Potterheads marathon “Cursed Child”


Students gathered in Hillman Library Friday night to for a group reading of new play. Courtesy of Kaitlin Mausser.

By Nikita Karulkar / Staff Writer

Adorned in black capes and Gryffindor scarves, self-described “Potterheads” gathered around Pitt student Alice Cheng as she channeled Albus Potter in a resonant voice Friday afternoon.  

“How to distract Scorpius from difficult emotional issues,” Cheng read from “Harry Potter and the Cursed Child.” “Take him to a library.”

In a library of their own for the afternoon, Cheng –– co-president of Pitt Project Potter –– and 23 other readers participated in the University Library Systems’ read-a-thon. But instead of reading long blocks of text in standard book format, participants used voice acting to read the play, “Harry Potter and the Cursed Child.”

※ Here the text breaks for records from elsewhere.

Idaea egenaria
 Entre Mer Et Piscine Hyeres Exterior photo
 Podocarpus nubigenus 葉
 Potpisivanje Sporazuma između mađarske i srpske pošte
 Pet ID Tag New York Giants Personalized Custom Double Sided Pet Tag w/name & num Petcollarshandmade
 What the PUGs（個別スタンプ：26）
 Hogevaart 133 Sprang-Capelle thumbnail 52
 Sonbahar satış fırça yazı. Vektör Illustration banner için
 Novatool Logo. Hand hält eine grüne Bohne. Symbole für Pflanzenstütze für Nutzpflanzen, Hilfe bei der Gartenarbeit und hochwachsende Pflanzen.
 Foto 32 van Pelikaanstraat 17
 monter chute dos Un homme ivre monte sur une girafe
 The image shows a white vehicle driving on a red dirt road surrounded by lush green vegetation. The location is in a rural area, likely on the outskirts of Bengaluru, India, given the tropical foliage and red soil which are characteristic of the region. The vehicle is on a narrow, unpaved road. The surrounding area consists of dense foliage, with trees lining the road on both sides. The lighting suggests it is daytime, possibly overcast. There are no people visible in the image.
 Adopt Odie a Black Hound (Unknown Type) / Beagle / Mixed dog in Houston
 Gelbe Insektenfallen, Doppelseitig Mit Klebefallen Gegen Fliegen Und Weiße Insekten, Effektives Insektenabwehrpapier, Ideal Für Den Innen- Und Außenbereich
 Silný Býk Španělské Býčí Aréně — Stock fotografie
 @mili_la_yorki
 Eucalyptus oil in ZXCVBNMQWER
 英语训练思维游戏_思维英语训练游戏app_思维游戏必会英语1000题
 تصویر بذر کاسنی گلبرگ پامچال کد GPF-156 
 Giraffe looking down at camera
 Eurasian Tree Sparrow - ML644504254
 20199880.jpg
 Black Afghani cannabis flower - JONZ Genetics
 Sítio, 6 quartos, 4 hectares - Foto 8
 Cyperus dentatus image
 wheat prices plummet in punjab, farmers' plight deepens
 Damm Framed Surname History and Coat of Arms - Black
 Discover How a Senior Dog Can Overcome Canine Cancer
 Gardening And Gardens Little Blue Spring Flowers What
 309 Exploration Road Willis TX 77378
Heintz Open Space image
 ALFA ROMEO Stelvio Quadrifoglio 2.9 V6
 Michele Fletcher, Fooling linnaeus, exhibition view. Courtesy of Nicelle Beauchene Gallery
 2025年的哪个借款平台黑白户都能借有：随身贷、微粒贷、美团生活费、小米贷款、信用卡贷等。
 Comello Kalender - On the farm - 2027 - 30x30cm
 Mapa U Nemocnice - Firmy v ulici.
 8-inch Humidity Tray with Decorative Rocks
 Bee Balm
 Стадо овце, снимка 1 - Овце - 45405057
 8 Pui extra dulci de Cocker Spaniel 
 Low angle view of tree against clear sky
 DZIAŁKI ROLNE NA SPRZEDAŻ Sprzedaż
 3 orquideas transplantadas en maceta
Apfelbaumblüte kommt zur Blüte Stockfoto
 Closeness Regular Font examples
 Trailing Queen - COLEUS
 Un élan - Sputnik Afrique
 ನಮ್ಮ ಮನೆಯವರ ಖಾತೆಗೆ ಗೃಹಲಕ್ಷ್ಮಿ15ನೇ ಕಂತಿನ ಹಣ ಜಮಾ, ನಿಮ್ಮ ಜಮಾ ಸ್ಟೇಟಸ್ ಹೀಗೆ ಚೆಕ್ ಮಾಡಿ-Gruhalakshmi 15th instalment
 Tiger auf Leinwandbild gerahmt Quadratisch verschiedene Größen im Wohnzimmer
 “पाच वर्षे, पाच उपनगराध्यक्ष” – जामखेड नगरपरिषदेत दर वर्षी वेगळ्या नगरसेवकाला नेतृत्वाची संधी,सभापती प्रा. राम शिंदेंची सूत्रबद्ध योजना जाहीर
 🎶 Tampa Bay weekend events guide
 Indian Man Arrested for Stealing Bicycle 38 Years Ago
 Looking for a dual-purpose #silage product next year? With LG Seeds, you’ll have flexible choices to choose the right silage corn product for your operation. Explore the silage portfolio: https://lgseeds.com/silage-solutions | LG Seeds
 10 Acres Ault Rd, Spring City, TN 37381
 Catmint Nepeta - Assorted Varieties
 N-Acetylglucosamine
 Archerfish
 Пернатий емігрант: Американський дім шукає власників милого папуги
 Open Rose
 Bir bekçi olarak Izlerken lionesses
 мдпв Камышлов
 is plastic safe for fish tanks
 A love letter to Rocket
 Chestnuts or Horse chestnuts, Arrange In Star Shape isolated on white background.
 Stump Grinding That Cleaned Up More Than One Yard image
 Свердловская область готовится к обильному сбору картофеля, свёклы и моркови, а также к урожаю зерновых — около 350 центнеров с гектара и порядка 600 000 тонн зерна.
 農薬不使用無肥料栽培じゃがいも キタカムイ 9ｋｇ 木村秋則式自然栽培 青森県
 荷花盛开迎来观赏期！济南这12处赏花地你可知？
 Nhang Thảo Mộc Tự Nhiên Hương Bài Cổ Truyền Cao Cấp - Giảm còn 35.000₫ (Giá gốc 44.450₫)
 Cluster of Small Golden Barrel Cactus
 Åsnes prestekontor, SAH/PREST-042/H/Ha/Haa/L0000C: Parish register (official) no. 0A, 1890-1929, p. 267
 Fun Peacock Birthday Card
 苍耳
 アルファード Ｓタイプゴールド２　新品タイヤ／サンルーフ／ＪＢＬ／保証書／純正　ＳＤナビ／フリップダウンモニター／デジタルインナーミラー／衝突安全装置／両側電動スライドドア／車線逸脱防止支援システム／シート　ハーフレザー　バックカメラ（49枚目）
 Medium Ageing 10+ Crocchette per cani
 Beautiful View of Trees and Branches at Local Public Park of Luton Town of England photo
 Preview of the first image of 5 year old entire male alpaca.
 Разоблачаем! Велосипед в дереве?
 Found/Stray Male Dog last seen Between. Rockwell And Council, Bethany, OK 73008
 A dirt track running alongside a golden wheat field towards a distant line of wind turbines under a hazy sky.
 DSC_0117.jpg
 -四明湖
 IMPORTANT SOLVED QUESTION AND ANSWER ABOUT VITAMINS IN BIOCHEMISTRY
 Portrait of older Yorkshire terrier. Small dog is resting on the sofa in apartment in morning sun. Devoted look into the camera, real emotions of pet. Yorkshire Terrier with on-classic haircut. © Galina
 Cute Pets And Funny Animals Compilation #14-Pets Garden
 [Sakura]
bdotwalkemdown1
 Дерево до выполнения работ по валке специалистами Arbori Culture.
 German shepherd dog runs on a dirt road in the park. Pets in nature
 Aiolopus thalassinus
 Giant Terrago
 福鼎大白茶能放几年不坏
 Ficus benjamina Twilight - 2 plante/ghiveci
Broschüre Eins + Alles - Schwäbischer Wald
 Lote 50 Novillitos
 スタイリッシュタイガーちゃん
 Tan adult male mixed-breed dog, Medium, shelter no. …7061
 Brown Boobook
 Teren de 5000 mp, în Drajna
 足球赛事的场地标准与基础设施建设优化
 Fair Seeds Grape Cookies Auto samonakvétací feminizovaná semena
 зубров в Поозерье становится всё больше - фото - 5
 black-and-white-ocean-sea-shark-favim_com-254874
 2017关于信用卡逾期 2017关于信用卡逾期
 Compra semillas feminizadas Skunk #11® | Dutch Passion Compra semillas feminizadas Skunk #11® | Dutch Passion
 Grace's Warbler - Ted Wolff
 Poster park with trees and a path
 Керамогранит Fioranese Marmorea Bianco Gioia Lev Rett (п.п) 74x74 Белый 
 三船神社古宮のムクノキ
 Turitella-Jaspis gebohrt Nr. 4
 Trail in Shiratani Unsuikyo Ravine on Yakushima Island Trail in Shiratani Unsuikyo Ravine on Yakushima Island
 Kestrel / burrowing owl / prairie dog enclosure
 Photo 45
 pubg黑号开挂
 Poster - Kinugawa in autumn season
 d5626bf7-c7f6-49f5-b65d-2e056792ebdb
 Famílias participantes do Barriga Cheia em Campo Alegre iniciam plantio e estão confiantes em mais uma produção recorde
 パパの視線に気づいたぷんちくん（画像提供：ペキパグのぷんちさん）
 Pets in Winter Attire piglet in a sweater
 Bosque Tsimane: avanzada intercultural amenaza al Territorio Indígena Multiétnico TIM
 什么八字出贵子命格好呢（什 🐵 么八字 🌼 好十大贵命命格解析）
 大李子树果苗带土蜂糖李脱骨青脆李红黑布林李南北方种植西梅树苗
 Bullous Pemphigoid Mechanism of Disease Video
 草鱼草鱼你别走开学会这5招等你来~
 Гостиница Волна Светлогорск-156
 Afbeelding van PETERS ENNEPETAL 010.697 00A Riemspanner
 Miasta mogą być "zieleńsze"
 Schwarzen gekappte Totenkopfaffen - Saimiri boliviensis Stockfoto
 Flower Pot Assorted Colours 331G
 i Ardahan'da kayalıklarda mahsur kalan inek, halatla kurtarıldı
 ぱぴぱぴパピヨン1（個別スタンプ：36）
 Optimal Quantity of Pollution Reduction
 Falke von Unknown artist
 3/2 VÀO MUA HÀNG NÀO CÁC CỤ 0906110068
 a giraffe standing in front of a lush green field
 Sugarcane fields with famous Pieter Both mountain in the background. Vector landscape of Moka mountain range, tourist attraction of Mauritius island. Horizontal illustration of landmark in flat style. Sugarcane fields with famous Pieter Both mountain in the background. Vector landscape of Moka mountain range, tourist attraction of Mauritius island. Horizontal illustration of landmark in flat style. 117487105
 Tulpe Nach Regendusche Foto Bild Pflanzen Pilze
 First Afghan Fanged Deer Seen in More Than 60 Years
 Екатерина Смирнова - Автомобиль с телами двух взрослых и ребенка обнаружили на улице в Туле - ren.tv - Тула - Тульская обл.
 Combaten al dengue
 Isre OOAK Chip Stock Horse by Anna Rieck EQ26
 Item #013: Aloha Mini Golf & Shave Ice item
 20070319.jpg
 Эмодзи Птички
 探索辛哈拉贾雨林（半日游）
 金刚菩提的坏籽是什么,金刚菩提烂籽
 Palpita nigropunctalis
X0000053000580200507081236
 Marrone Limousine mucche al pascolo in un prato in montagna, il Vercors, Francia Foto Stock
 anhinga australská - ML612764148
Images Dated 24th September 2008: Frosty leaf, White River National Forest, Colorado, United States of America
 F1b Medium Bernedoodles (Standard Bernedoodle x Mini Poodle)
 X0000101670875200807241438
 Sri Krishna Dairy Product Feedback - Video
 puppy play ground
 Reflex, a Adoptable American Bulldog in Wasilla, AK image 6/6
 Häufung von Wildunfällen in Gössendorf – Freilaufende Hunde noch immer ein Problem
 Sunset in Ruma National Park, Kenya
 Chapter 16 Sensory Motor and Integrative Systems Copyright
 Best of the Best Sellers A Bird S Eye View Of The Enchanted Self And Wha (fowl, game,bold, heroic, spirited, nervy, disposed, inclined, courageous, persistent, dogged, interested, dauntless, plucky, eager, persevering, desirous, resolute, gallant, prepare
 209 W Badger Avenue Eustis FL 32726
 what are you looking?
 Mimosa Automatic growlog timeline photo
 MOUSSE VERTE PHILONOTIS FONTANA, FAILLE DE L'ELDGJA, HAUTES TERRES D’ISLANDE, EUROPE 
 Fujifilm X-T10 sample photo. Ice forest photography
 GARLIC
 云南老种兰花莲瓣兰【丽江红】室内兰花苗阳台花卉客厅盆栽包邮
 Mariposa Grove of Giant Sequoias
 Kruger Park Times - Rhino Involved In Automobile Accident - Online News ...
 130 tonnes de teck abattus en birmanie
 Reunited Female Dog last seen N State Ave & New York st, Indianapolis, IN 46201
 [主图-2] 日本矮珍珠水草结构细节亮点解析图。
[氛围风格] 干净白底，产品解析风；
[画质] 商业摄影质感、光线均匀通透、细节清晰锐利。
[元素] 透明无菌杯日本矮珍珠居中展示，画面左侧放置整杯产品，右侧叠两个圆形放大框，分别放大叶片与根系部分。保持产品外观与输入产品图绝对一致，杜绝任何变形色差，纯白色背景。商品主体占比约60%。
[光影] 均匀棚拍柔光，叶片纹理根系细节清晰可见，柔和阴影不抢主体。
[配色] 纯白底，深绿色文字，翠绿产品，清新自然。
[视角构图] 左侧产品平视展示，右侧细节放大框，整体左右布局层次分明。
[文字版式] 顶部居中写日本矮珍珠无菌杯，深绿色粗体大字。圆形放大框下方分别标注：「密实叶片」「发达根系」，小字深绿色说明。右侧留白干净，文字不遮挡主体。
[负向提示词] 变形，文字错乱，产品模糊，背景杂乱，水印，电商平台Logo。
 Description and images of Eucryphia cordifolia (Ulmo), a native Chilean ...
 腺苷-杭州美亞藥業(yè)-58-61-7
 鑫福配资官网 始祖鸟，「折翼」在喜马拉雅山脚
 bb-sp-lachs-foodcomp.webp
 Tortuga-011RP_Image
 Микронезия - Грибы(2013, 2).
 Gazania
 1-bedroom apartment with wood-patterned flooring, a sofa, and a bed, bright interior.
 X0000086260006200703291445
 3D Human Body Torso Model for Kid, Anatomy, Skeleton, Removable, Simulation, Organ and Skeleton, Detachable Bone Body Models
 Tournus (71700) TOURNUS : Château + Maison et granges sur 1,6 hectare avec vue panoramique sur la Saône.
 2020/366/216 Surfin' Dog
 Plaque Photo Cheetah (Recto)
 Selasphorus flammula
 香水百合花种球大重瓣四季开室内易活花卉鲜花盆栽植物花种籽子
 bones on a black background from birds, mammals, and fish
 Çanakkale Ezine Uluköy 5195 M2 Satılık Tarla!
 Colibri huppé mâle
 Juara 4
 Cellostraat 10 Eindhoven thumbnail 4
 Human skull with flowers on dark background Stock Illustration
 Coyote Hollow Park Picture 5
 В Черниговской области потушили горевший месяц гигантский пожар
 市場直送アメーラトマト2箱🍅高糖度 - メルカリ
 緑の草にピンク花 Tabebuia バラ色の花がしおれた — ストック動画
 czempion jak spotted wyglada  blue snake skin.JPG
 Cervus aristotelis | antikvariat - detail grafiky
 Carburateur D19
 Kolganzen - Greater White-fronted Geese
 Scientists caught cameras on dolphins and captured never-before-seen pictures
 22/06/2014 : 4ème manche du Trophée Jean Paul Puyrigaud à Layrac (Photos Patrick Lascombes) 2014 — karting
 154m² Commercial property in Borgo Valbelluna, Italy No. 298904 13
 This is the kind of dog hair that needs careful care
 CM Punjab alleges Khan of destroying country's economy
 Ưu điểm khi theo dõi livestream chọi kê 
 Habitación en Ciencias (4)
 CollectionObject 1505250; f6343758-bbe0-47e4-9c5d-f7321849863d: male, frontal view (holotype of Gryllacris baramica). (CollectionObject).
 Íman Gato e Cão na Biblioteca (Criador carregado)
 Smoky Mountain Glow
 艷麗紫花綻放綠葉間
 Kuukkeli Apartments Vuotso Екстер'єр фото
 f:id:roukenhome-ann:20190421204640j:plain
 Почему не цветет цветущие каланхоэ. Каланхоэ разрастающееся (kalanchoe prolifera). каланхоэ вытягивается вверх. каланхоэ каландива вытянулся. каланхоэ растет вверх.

“It’s a play, so it’s more fun to read, rather than reading blocks of text,” Cheng said.

Pitt Project Potter, a Harry Potter-themed community service club, hosted the “Harry Potter and the Cursed Child Read-a-Thon,” with the ULS and the department of English.

The ULS has hosted various read-a-thons, with similar formats but different books. Last November, the ULS hosted a read-a-thon for “Harry Potter and the Sorcerer’s Stone” in collaboration with the English department’s literature program.

This year was the first time Pitt Project Potter was involved. The Cup and Chaucer Cafe on the ground floor of the Hillman Library filled with 92 students and community members decked out in Gryffindor shirts, long black capes and Harry Potter backpacks.

As attendees came in, a library employee dressed up as Dumbledore welcomed them to the event. Off to the side of Cup and Chaucer, the club had constructed a makeshift photo booth with various Harry Potter-themed frames and props.

The 24 reading volunteers stood in a semicircle around microphones and read the latest “unofficial” installment of the Harry Potter universe. Attendees sat with coffee and cookies and listened intently to the play, which Jack Thorne wrote based on the original story by J.K. Rowling.

Although the readers couldn’t officially perform the play due to copyright issues, they embraced their roles with emphatic shouting and animated reading.

The club members and Pitt students brought characters to life in the form of an intensely animated Albus Potter played by Cheng and a lost and inattentive Ron Weasley played by Emily Cumpston. Alex Raso, who played Ludo Bagman ––  a Ministry of Magic employee and former Quidditch player ––  got into her role with a loud, sonorous voice as she tried to capture Bagman’s comedic characterization.

Maria Delgrande, the club’s activities liaison, said the read-a-thon was chance for club members and Potterheads to dress up and bond over their love for Harry Potter.

“We had a lot of people who really got into their parts, and there was really good voice acting,” Delgrande said.

Shannon Gallagher, Project Potter’s community outreach liaison, took on the role of the narrator.

“Narrating was kind of interesting because, without stage directions, you really don’t get a full picture of what’s going on,” Gallagher said. “I hadn’t read ‘Cursed Child,’ and it was really fun.”

Attendees also participated in a drawing to win Harry Potter merchandise, which the English department and film studies program funded, including a Harry Potter bedset, all seven books with the new 2016 artwork and two copies of “Cursed Child” with handmade wands.

Every reading volunteer also received a free t-shirt, courtesy of the ULS.

Lori Campbell, the club’s adviser and a professor in the English department, said the idea of the read-a-thon came up last spring when Student Affairs reached out to all departments about hosting an event during family weekend.

“We had a really short deadline, but we decided to go for it,” Campbell said. “Over the summer, it kind of all came together.”

Kaitlin Mausser, part of a local Harry Potter band called Muggle Snuggle, hosted her own reading of “Cursed Child” at her house in August and helped Project Potter structure the event and delegate characters.

“I’m really intrigued about how they crafted all the special effects,” Mausser said. “I love all of J.K. Rowling’s works, and I love theatre. This play [was] a fun mix of my two favorite things.”